No going back to ‘normal’?

The slogan “There’s no going back to normal” has gained considerable popularity for good reason. As governments all around the world have struggled to deal with the health and economic challenges of the COVID-19 pandemic, they have been forced to take emergency steps they would not have countenanced just months ago, challenging the idea that greater public spending to address social needs is simply unaffordable.

In Australia, where we have suffered bipartisan neoliberal governments for nearly four decades, the Coalition federal government abandoned its holy commitment to reduce government debt and has spent hundreds of billions of dollars on emergency COVID-19 measures. Most of these are aimed at propping up the corporate sector, but there is also a temporary doubling of the JobSeeker payment for the unemployed.

For many years, unemployed people have been forced to survive below the poverty line and so the demand to make this JobSeeker payment increase permanent has support from a majority in society.

However, the government has declared that this increase should only be temporary. The Labor opposition supports an increase on the old rate, but has yet to say by how much. The racist, right-wing populist Queensland Senator Pauline Hanson has gone further and demanded that unemployment payments should be cut off to people who don’t find a job within two years.

Right-wing politicians and the billionaire class interests they represent may also have their own “no-going-back-to-normal” agenda. They may seek to use the crisis to push for even more drastic neoliberal measures: more attacks on public services, welfare rights, on wages and conditions, on the rights of workers to organise and on broader civil rights.

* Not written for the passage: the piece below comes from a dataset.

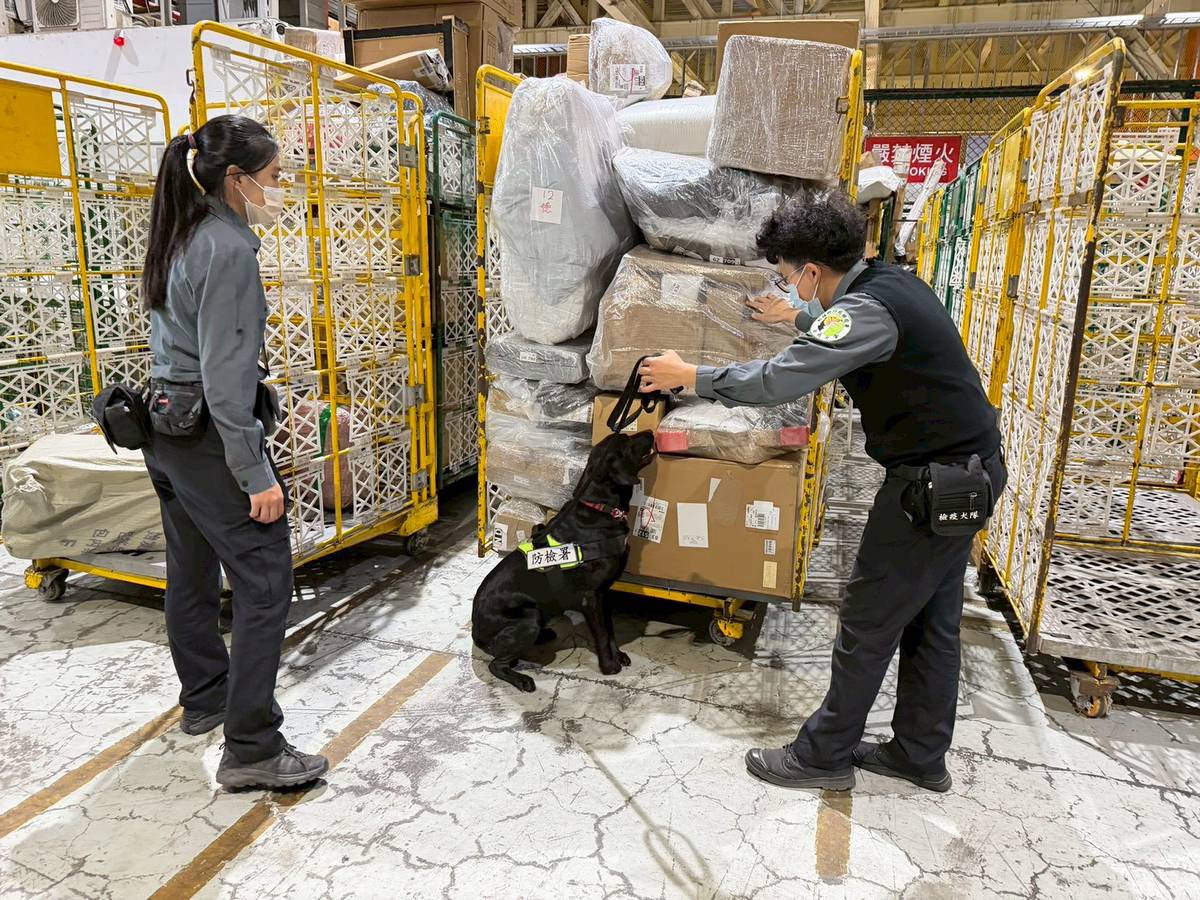 高雄關聯手防檢署高雄分署加強查核海運快遞貨物，強化邊境防疫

This is a global pattern: organisations such as the Bangkok-based Asia Centre have documented the closing down of democratic space for civil society in the region. In Australia we have seen examples of this, including the imposition of fines on protesters. We have also seen changes to industrial laws that give employers the right to reduce workers’ wages and conditions.

The simple fact is that governments — dogmatically committed to neoliberal measures — have been forced to appeal for social solidarity to combat the pandemic and demonstrated that they have the capacity to increase social spending, especially for public health. It has, to a degree, raised social expectations, but this will not be sufficient to make any temporary gains permanent.

The COVID-19 pandemic will keep the world in crisis mode for many months, if not years, unless and until an effective vaccine is developed.

In these circumstances, governments will be forced to try to strengthen public health. They will be under social pressure from the general public to do this, but also from the billionaire class, which realises that it cannot decimate the workers it needs to if it wants to maintain, let alone grow, its wealth and power.

There is potential to build popular support for strong public health and other social measures to address the economic consequences of the pandemic.

The COVID-19 crisis is also shifting the hearts and minds of large numbers of people towards ecosocialist solutions. Many more people can now appreciate the possibility, and necessity, of liberating essential services such as health, transport and energy from the narrow and selfish priorities of the corporate rich.

For instance, the crisis in the airline industry (now demanding huge bailouts and subsidies) raises the question: if the public is going to bail the private airlines out, then why can’t this money be used instead to restructure inter-city travel to shift to a more ecologically sustainable fast-rail network.

More people can see that pandemics like COVID-19 are a result of a bankrupt social system which has elevated the increasing enrichment of the billionaire class over a sustainable and symbiotic way of living with the Earth.

While United States President Donald Trump and his crazed followers engage in a farcical blame-shifting exercise, more people are sheeting home the blame to the rapacious, nature-destroying greed of corporate agribusiness and to climate change.

COVID-19 is unlikely to be the last pandemic to shake up life as we know it. If our public health system has to bear the brunt of this and future pandemics, why should the wasteful multi-billion-dollar subsidies to private hospitals and private health insurance companies continue? Won’t this profit-making private health system prove itself just as useless when the next ecological crisis hits us?

Wouldn’t it be wiser for governments to spend the trillions of dollars now going on public subsidies to return to a “normal” level of corporate exploitation to instead seriously address the climate emergency and delivering social justice?

The Socialist Alliance and other progressive groups around the world have put forward programs of action — including versions of progressive green new deals — that seek to consolidate this popular sentiment generated by the COVID-19 pandemic.

However, these programs can only be won with the backing of sustained political mass mobilisations. What is needed urgently now is the systematic organisation of trade union and social movement support for, and mobilisation around, these programs. If we don’t start organising, we’ll start agonising, as the billionaire class uses this crisis to increase its own power and privileges.

[Peter Boyle is a member of the Socialist Alliance national executive.]